Dhanak, an Urdu term for rainbow, is a non-profit organisation mostly comprising interfaith and inter-caste couples that started as a support group in 2004. It organised an online press conference on February 12 to promote a person’s choice to love that received some unplanned participants, reported The Wire.
The online conference was interrupted twice by some people who disrupted the event, warning them of police action and also used slurs against Muslim men. The Wire reported that the first disruption was caused by a person who threatened couples from Uttar Pradesh and Madhya Pradesh with legal action. He interrupted and said that he would file ‘love jihad’ cases against couples from Madhya Pradesh and Uttar Pradesh under the recently passed anti-conversion laws in the respective States.
The second person, identified as Mithula Thakur on Zoom, abused the couples and issued death and rape threats. Dhanak member Asif Eqbal was told, “Shut these katuas (abusive slur used for Muslim men) up.
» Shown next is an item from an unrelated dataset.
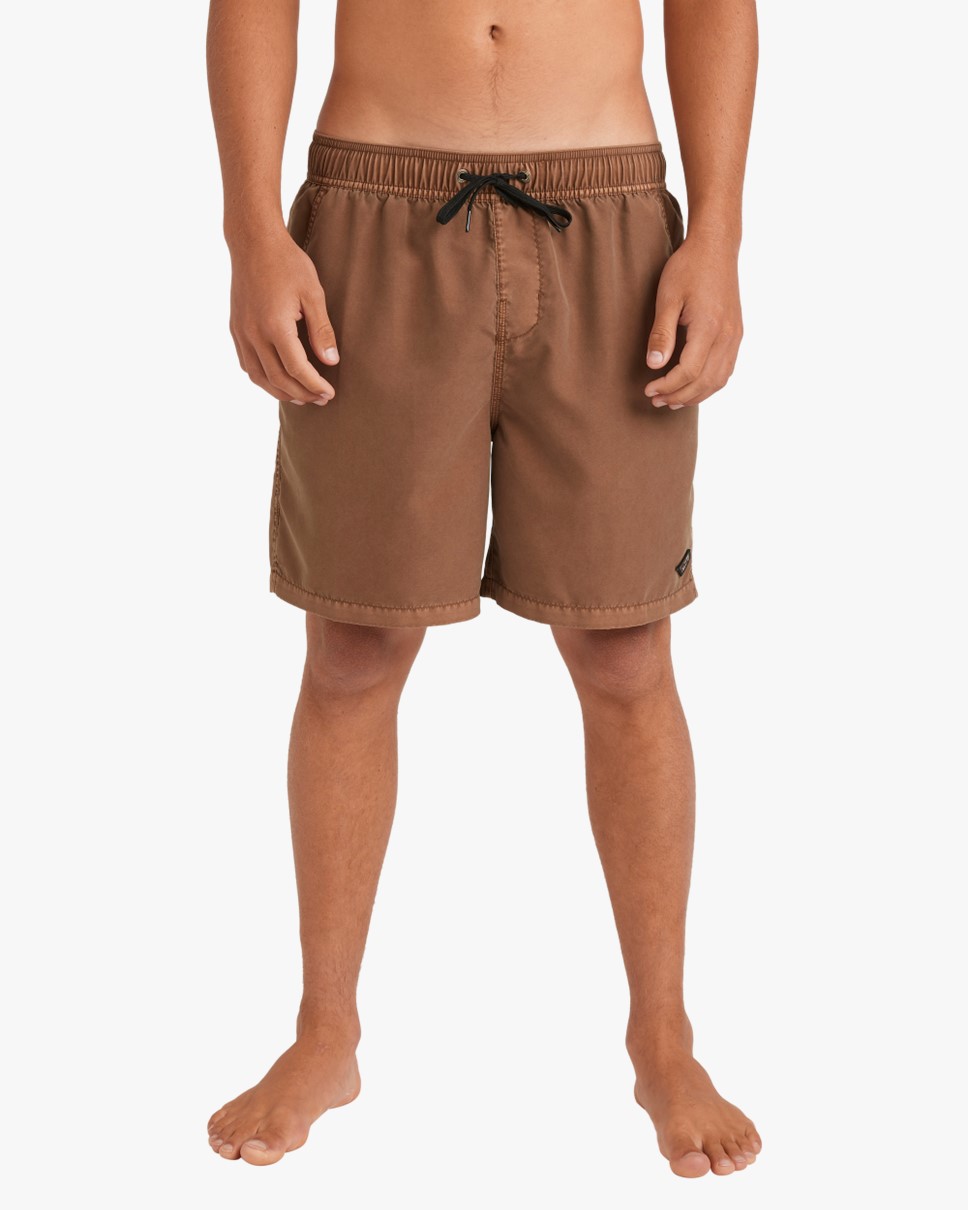 Mens All Day Overdye 17" Layback Boardshorts-Brown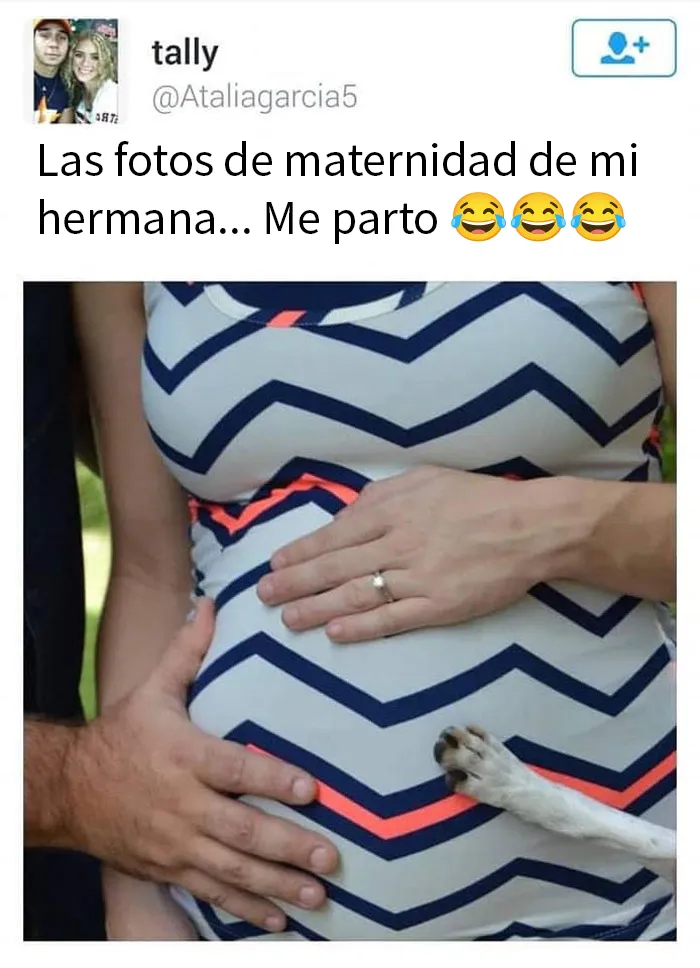 20 Memes sobre perros que encantarán a todos los dueños de estos peludos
All of you will get implicated (in Love Jihad cases) now. Not one of you will be spared. I have noted down all the participants’ names. All of you will go to jail. Do you understand?”
The Wire quoted Asif Eqbal saying, “You can understand the kind of people who are joining and threatening us openly in this forum. But still, we know that we are not doing anything unconstitutional. We can fight this. I cannot say much about it, we are used to such threats. This is a common mentality and sadly, the government has also joined in”.
He further said the zoom press conference was planned two days before Valentine’s Day because “it was a great time to inform people about the myths surrounding love”. He said that the new laws are not necessary because the Special Marriage Act allows couples to enter into wedlock without being governed by any religious law.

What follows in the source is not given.